In recent years, deep learning models have introduced a paradigm shift in structural bioinformatics, yielding significant advancements in protein structure analysis and design. Neural networks are now being used not only to predict protein structure geometry, but also to identify interfaces of interacting proteins and generate de novo molecules. A significant leap in experimental success of AI-modelled structures suggest deep understanding of sequence context and protein geometry by neural networks. However, it still not well understood to which extent generative deep learning models are able to consistently identify hallmark features of protein-protein interactions and are capable of revealing novel hotspot interfaces on the surface of proteins. To explore the capabilities and limitations of AI models in this domain, we conducted a study using nucleosomal complex as a benchmark for profiling protein-protein interactions with peptide binders.
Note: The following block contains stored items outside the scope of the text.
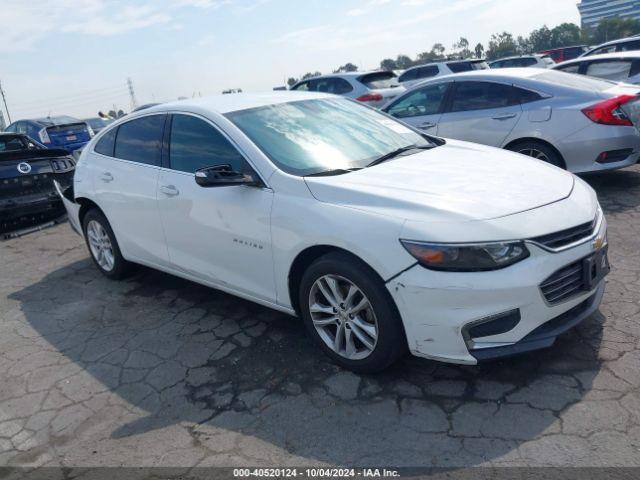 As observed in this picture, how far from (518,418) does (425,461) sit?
1.85 ft

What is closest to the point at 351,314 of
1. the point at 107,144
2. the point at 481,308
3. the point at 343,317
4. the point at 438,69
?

Nucleosomes serve as a foundation of genome compaction, epigenetic annotation, and facilitate interactions between chromatin proteins and DNA. highly conserved histone core of the nucleosome presents an ideal target for protein-protein interaction (PPI) profiling. Utilizing a dataset of experimentally resolved nucleosomes interacting with other proteins, we investigated the capacity of state-of-the-art deep learning networks to identify core features of interactions between histones and nucleosome-binding peptides. Our findings demonstrate the ability of generative AI to identify distinct hotspots on the histone core surface and generate binders capable of interacting with it. These results highlight the growing understanding of PPI mechanisms by these models, while also revealing their limitations. Furthermore, our study presents methodological insights that can guide future applications of these models.